En moins de quarante huit heures, le nouveau premier ministre, Ahmed Salem Ould Béchir a ‘’formé’’ son gouvernement. Sans grande surprise. Ceux qui s’attendaient à un grand chambardement ont été certainement déçus.
Le remaniement attendu a été juste une flopée de permutations entre anciens ministres dans des départements copiés-collés faits et défaits dans la précipitation au gré de la volonté de faire du surplace. Parmi les nouveaux il ya Djinda Ball promue à la jeunesse et sports. Pour cette native Halpoular de Kaédi, femme d’affaires et de communication qui parrainait le magazine Epok, c’est une nouvelle expérience pour cette jeune femme qui milite à l’Union Pour la République.
L’entrée la plus emblématique et peut être la plus inattendue est celle du général Ghazouani au gouvernement en tant que ministre de la défense. Pour cette fois quand même, c’en est véritablement un. Ce général très discret, compagnon de route du président Aziz et que toutes les rumeurs donnaient comme son dauphin a été muté,- pour cause de retraite, d’une position stratégique de chef général des forces armées à celle plus protocolaire de ministre de tutelle de toute l’institution militaire qui tient en otage le pays depuis quarante ans. Selon les observateurs, la nomination de Ghazouani à la défense repose la question de savoir si Aziz quittera effectivement le pouvoir en 2019 et le cas échéant qui va le remplacer à la présidence de la république.
A la veille des élections municipales, régionales et législatives, Ould Abdel Aziz avait dit à ses ministres au cours d’un conseil que ceux qui ne feront pas montre de popularité vont quitter. Or, parmi ceux qui seront restés, plusieurs ont été platement battus chez eux. C’est entre autres le cas d’Amédi Camara et d’Isselmou Ould Sid’El Moktar Ould Lehbib qui ont été battus respectivement à Kaédi et El Kediya (Tagant). La sortie sans appel de Mohamed Abdallahi Ould Oudaa, de Diallo Mamadou Bathia, de Coumba Bâ, de Mint Soueine’e et du tonitruant Mohamed Lemine Cheikh fait penser à une cynique politique de deux poids, deux mesures. Naha Mint Mouknass, présidente du deuxième parti de la majorité et nouvellement élue députée, a été envoyée au pilori. Elle n’a certainement pas demandé à être parachutée à la tête de l’un des départements les plus compliqués de la république. Le retour au gouvernement de Sidi Mohamed Ould Maham comme ministre de la culture et porte parole du gouvernement est une autre preuve que Mohamed Ould Abdel Aziz place ses hommes forts à des postes stratégiques dans la perspective de quelque chose.

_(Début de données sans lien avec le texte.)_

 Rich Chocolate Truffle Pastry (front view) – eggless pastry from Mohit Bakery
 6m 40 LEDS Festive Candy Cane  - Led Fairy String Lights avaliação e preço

Les titulaires des ministères régaliens n’ont pas changé. Les calculs des adversaires internes de l’irracontable ministre de l’économie et des finances sont tombés à l’eau. La dernière défaite de l’UPR à Arafat ne semble pas avoir impacté sur la confiance que Ould Abdel Aziz voue au très controversé Moktar Ould Diay. La fusion entre l’agriculture et l’élevage qui redeviennent ministre du développement rural replonge le pays dans les années quatre vingt. Surtout que selon un docteur vétérinaire, la séparation de ces deux secteurs a permis de faire de grosses avancées. L’éclatement du ministère de la modernisation de l’administration et de la formation professionnelle dont une partie a été rattachée à l’éducation nationale (formation professionnelle) et une autre (modernisation de l’administration) à la fonction publique, au travail et à l’emploi démontre que c’est l’improvisation et l’amateurisme qui prévalent en lieu et place de la vision stratégique sur la base de laquelle la mouture des départements sectoriels devrait être conçue. Jusque là deux postes très importants sont vacants et devraient être pourvus rapidement.
Aux commandes des forces armées et de sécurités deux noms sont avancés. On parle des généraux Mohamed Ould Meguett et Dah Ould El Mamy, respectivement patron de la direction générale de la sureté nationale et des douanes. Alors que pour la direction de l’Union Pour la République, le vice-président de l’Assemblée Nationale, Boidiel Ould Houmeid qui vient de dissoudre son parti dans celui du pouvoir serait pressenti. A quelques six mois de la présidentielle, Mohamed Ould Abdel Aziz ne semble pas encore avoir complètement muri son plan.
La recomposition de la scène politique a cependant commencé avec le sabordement de certains partis. Les formations de l’opposition (RFD, UFP et Tawassoul) n’ont pas encore repris le souffle après des élections municipales, législatives et régionales aux résultats mitigés. Mais le temps n’attend pas. Cela va sans dire. Mais cela va encore mieux en le disant.